Work instruction: Instruction for the data below: set down exactly the lines from the line with "Frontier Airlines - Airbus" to the line with "SNEAKERS BASSE Z36134 UOMO BLU", inclusive, and no others.

Supplied entries:
____
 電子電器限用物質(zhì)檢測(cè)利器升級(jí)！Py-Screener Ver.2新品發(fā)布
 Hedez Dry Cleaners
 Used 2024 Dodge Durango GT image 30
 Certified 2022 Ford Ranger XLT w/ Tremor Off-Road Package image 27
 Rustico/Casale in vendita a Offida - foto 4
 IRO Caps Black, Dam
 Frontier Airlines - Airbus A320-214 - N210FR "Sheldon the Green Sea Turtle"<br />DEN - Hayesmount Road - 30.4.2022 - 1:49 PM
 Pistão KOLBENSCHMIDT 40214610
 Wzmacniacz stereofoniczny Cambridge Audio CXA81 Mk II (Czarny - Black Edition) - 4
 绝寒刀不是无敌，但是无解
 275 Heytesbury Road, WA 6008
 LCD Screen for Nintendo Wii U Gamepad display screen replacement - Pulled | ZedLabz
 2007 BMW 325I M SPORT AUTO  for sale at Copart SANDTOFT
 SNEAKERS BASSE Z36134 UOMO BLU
____
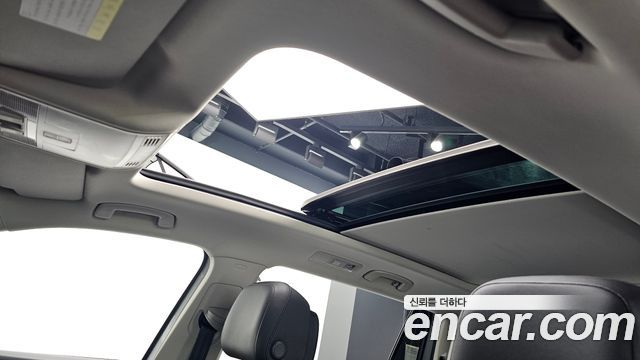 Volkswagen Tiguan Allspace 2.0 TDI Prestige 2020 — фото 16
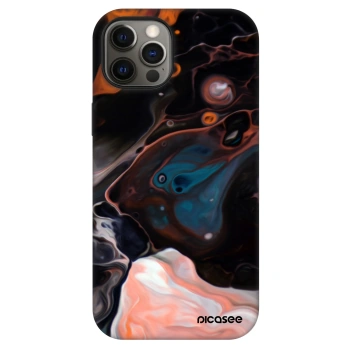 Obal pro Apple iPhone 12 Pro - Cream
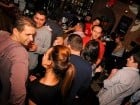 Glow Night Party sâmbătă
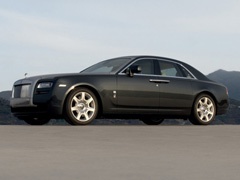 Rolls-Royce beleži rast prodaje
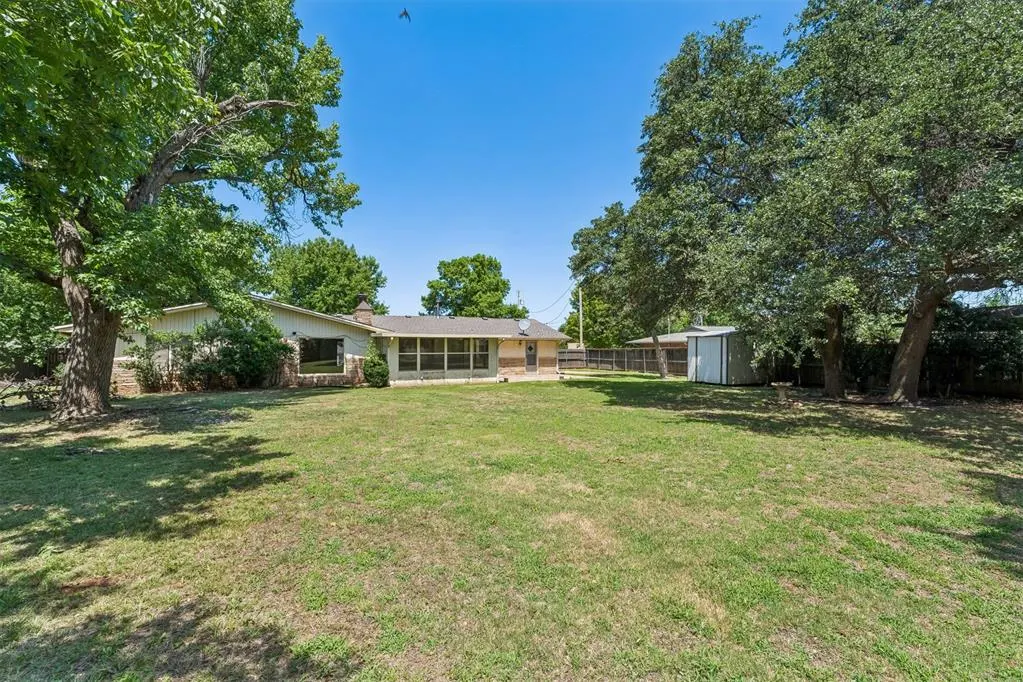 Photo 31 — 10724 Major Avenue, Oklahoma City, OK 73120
____
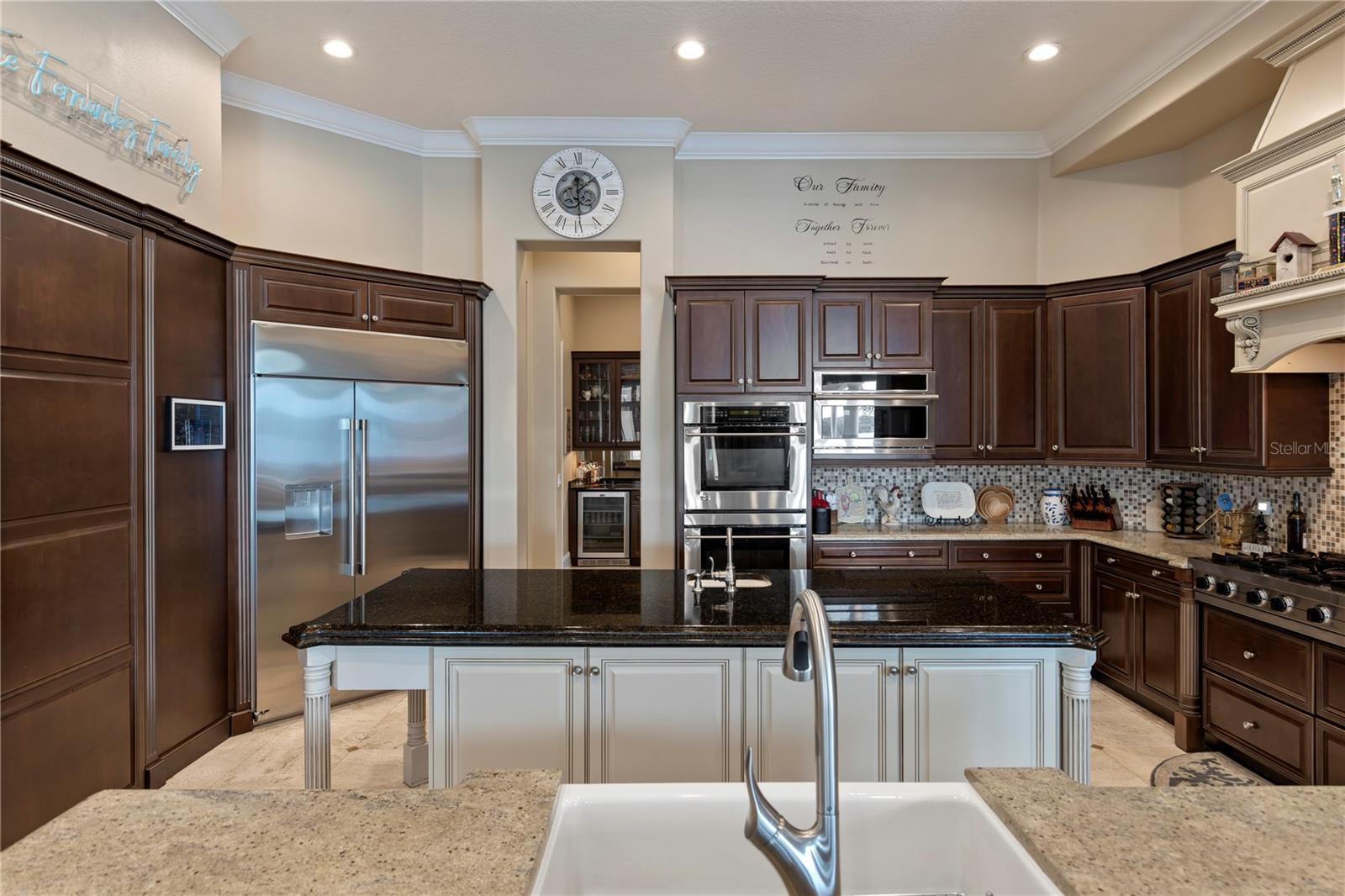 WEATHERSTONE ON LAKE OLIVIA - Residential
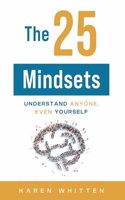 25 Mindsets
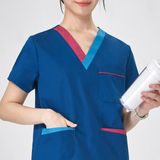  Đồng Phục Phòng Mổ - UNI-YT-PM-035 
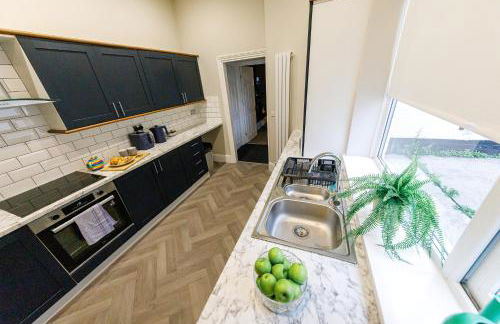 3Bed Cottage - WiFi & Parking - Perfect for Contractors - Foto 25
____
Task answer:
 Frontier Airlines - Airbus A320-214 - N210FR "Sheldon the Green Sea Turtle"<br />DEN - Hayesmount Road - 30.4.2022 - 1:49 PM
 Pistão KOLBENSCHMIDT 40214610
 Wzmacniacz stereofoniczny Cambridge Audio CXA81 Mk II (Czarny - Black Edition) - 4
 绝寒刀不是无敌，但是无解
 275 Heytesbury Road, WA 6008
 LCD Screen for Nintendo Wii U Gamepad display screen replacement - Pulled | ZedLabz
 2007 BMW 325I M SPORT AUTO  for sale at Copart SANDTOFT
 SNEAKERS BASSE Z36134 UOMO BLU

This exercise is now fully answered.